This time almost 4 years ago I met you my love. You were everything I ever wanted or at least that is what you pretended to be. I had recently separated from my husband of 22 years. I felt guilt and pain and the excitement of new beginnings all rolled into one big cocktail of contradicting emotions. I didn’t really fancy you at first (I know you see something wonderful when you look in the mirror and I have often admired your ability to suck in your stomach and see George Clooney staring back at you), but in actual fact you’re really not all that. But you had other charms you deployed and you had spent 40 something years honing them. I definitely wasn't looking for a relationship, but I recall you repelled rejection like oil on water and pursued me with a vigour I mistook for romantic persistence.
The girl who had watched far too many chick flicks, I was blown away by your attention. It was simply irresistible. I thought you were my knight in shining armour. Turns out you were an emotionally stunted prick in tinfoil, but I was to discover this much later. You acted your part so well. A gifted performance. Only this wasn't a TV drama…this was my life.
In truth, my marriage had been broken a long time and as you know, it was me that broke it. I am nothing if not honest. I am not afraid to admit I made mistakes. I felt trapped. My wings were clipped and I needed to see if I could fly again. I longed for romance and passion – something you were quick to realize. Now I see I was a vulnerable target; a sitting duck for your practiced charms, your magnetic personality and those twinkly eyes.
When I ended it with you before it really began, you insisted on being my friend. You were willing to wait on the sidelines, weren’t you? Biding your time, getting ready to claim your prize. In truth, it suited you. You told me you had been separated from your wife for a while and had been sleeping separately for a good 5 months. Turns out that wasn’t the whole truth, but how was I to know that everything that escaped from your mouth was a lie?

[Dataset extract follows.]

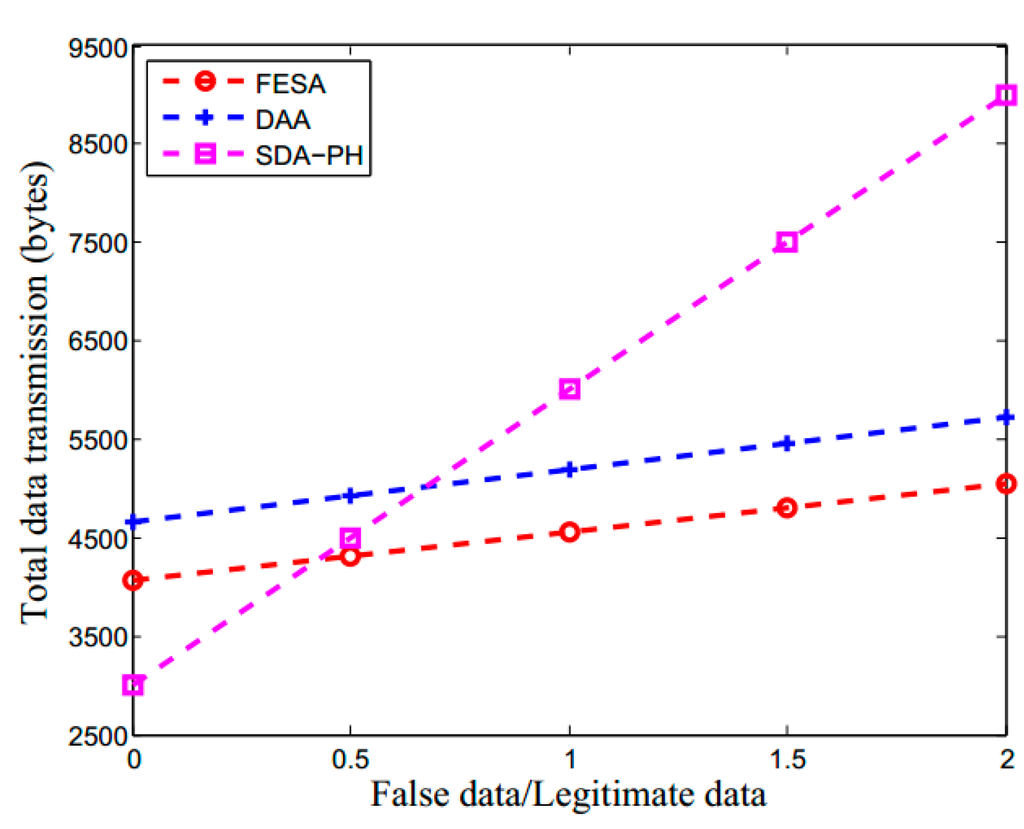 Sensors 15 15952 g008 1024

You just wanted to take care of me, you said. It didn’t take me long to develop feelings. You were always so attentive. Always paying me compliments and always comparing me favourably with your ex. I was a fantastic cook you said, where she would cook for herself and leave you nothing after a long day at work. I was a brilliant parent whose children were a credit to her whereas she instilled no discipline. And you were not used to being with somebody so loving and kind for she was cold and lacked affection. Even on your wedding day, you said she laughed during your vows whilst you struggled to hold back tears. You would shower me with false compliments whilst simultaneously putting her down. All of this, I have come to realize, is your version of the truth which in reality probably doesn’t resemble the truth at all.
When I think back now, it wasn’t about me at all. It was all about her. It was all about dragging her down rather than lifting me up. It was all to fuel her pain rather than my spirits. You were a perfect husband to her you said and she threw it all away? My gut instinct told me it was wrong for someone to be so malicious towards an intimate ex partner, but at the time I was more interested in hearing those sweet little lies. There was a voice in my head whispering “this isn’t right” but I shut that voice down because I wanted so badly to believe you were real.

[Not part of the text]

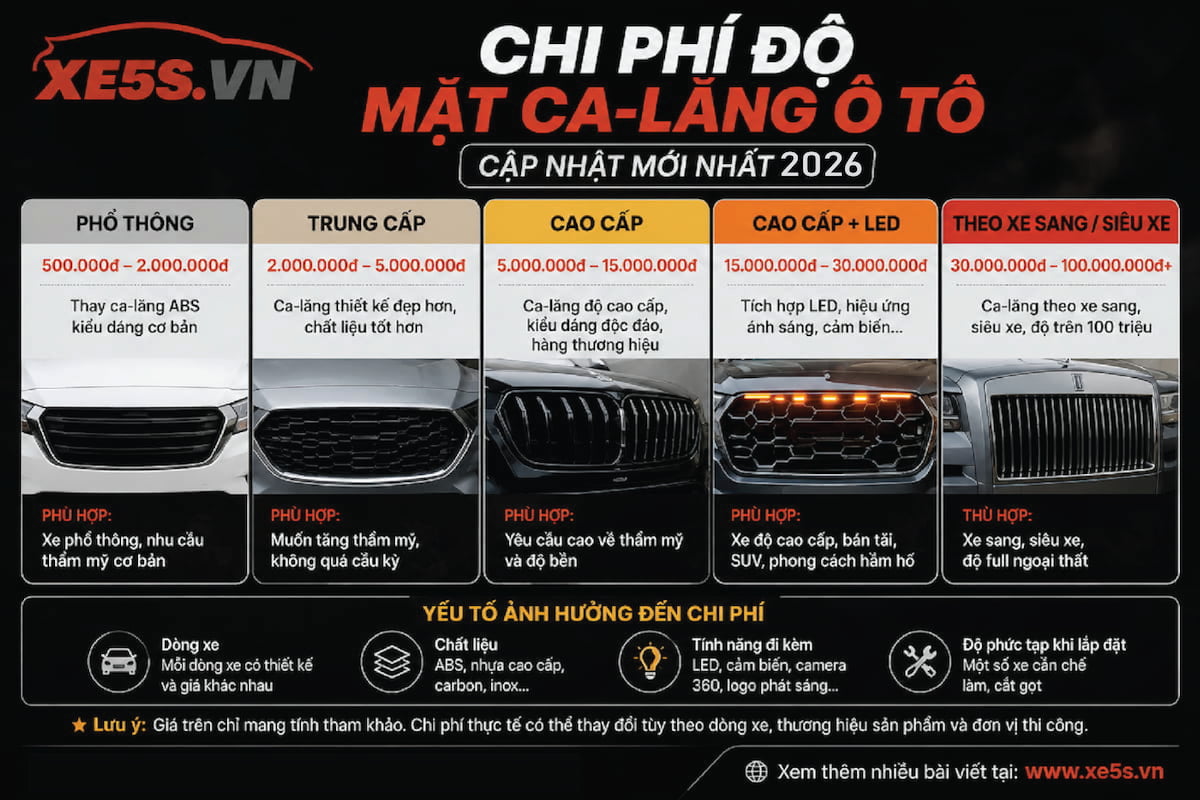 Chi phí độ mặt ca-lăng ô tô khoảng bao nhiêu?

No doubt somebody new is hearing all about my short comings, my selfish ways, my obsessive trust issues, my disagreeable personality, and how I love the drama. You used the phrase "drama queen" to undermine my feelings when I called you out on your despicable behaviour. It is called "projection" darling. When you project all the bad stuff you do back onto the person accusing you.
Still, you are right about the trust issues. I do have major trust issues. But understandably so given you put me through everything from texting your ‘honey pot’ to inappropriately touching my friends, to the affairs. My god...my children even found your fake profiles on POF and Adult Friend Finder. Careless of you to leave stuff like that on an iPad we all used. It was nothing you said. You had set it up when you were in an unhappy and sexless marriage well before you met me. Like that makes a difference to you. We were in the honeymoon of our relationship and had just moved in together. We were a loving and highly sexual couple or so I thought when you chose to embark on an affair with your colleague. You see it’s just in you. You are disloyal and dishonest to the core.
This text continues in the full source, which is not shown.